The commission wants Europe to accelerate renewables deployment to increase energy security and in particular reduce its dependency on fossil fuel imports from Russia. The commission presented the RePowerEU plan with a faster expansion of wind energy and other renewables at its core.
The European Commission reiterates the central role of renewables in ensuring Europe’s energy security. Europe still imports 58% of its energy – mostly fossil fuels and often from countries posing serious geopolitical risks. Wind energy is home grown and cheaper than imported fossil fuels. Every wind farm contributes to making Europe less reliant on fossil fuel imports.
The European Union wants wind energy to be 50% of its electricity by 2050. The commission suggests that another 30 GW of wind energy, on top of the 450 GW that its decarbonization scenarios foresee, could be deployed by the end of 2030.
Crucially, all of this depends on permitting, comments WindEurope. The European Commission acknowledges the fundamental need to simplify the permitting of new renewable energy projects. Improving permitting is “a matter of urgency” to Europe’s energy transition. Long and overly complex permitting procedures are the main bottleneck to the expansion of wind energy. The EU is currently building only around half of the new wind farms that it needs to build to deliver its 40% renewable energy target. The European Commission will present Guidance to National Governments on how to improve permitting in May 2022.

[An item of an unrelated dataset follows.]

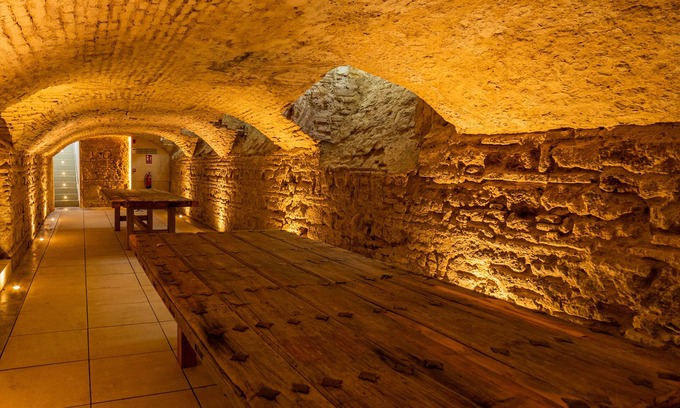 La Catedral Apartment | Premier Stay at Casa del Cardenal with Spa & Breakfast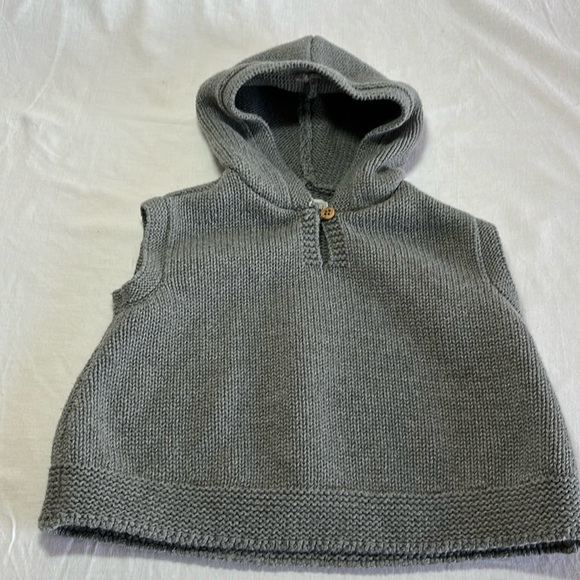 12M Little Planet organic knit vest - Picture 1 of 3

“More than ever Europe now needs to tap into its massive wind energy resources,” says WindEurope CEO Giles Dickson. “Speeding up the growth of wind is central to achieving energy security. And we need to do it with European technology. Europe must do everything to preserve our world-leading wind energy supply chain. Accelerate permitting. Have smarter wind auctions that factor in wind energy’s contributions to a robust, resilient and circular economy. And boost research and development.”
The commission paper sets out measures aimed to mitigate the impact of high electricity prices on vulnerable households and businesses. National Governments should priorities the use of the increased carbon price and tax revenues that result from high energy prices to shield vulnerable consumers, Dickson adds.